The Effect of High Dose Dexamethasone in Childhood Acute Idiopathic Immune Thrombocytopenia.
- Author:
Chur Woo YOU
1
Author Information
1. Department of Pediatrics, Masan Samsung Hospital, Sung Kyun Kwan University College of Medicine, Masan, Korea. cwy1@unitel.co.kr
- Publication Type:Original Article
- Keywords:
Acute ITP;
Treatment failure;
High dose dexamethasone
- MeSH:
Appointments and Schedules;
Dexamethasone*;
Flushing;
Hemorrhage;
Humans;
Hypertension;
Immunity, Humoral;
Incidence;
Platelet Count;
Prednisone;
Steroids;
Thrombocytopenia*;
Treatment Failure;
Weight Gain
- From:Korean Journal of Pediatric Hematology-Oncology
2000;7(2):194-202
- CountryRepublic of Korea
- Language:Korean
-
Abstract:
PURPOSE: For preventing CNS hemorrhage, steroids and high dose immune globulin have been used as the first-line treatments of acute ITP. Most of the patients respond to these treatments with rapid rise of platelet count to safe level compared to patients who received no treatment. Although the exact incidence has not been known, there are patients who are not responding these first-line treatments.

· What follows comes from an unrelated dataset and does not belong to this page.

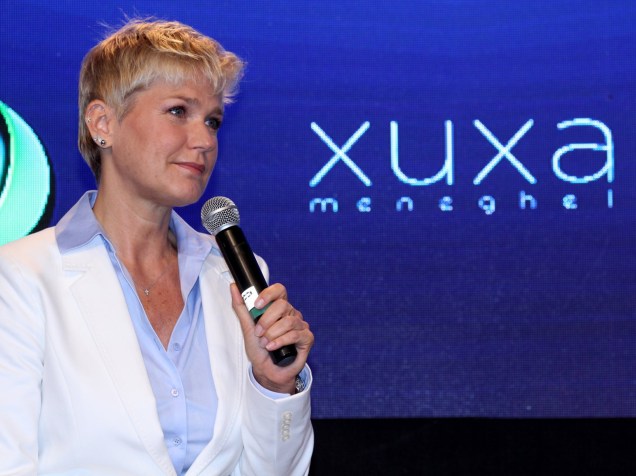 Xuxa vai apresentar quadros sobre sexo, viagens e competições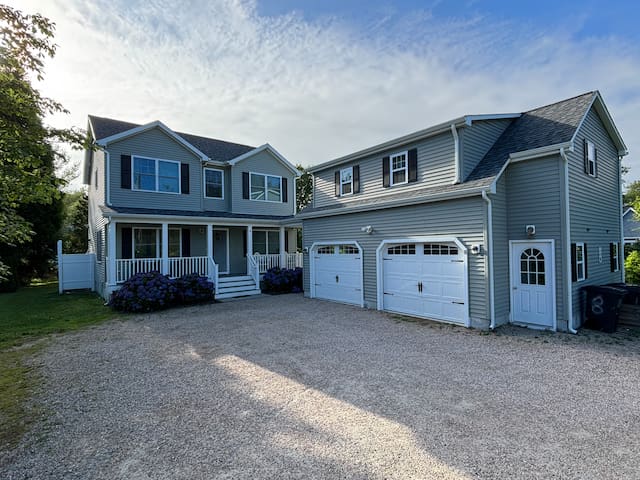 6 BR / 4 BA home in Narragansett Pier!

Insufficient humoral immune suppression is thought to be the main mechanism of this failure and it has been known that humoral immunity is suppressed only at high dose steroids. Therefore, high dose steroids, especially dexamethasone which has been reported recently as an effective treatment in chronic refractory ITP, can overcome this treatment failure. METHPDS: Among the 62 acute ITP patients who were admitted in pediatric department of Masan Samsung Hospital between March, 1998 and March, 2000, only 8 patients were resistant to high dose immune globulin and conventional dose of prednisone. High dose dexamethasone 25 mg/M(2)/day in three divided doses was given to the 8 treatment failure patients for consecutive 4 days and platelet count was followed at 3, 5 and 7days after beginning of the treatment and then weekly. Only when the initial medication cycle was effective the dexamethasone was given to the patients repeatedly with the same dose and schedule until the resolution of the disease. RESULTS: Platelet counts were increased to safe level (> 50x10(9)/L) within 5 days of the treatment in all the patients with the initial treatment of high dose dexamethasone and this effect was observed in subsequent cycles. The mean days of maintaining platelet count above 20x10(9)/L was 22.0+/-3.1 days. Weight gaining and facial flushing were observed in 57% and 30% of patients but hypertension and glucosuria were not observed. CONCLUSION: These results suggest that high dose dexamethasone may be effective in the treatment of childhood acute ITP who did not respond to conventional dose of prednisone previously.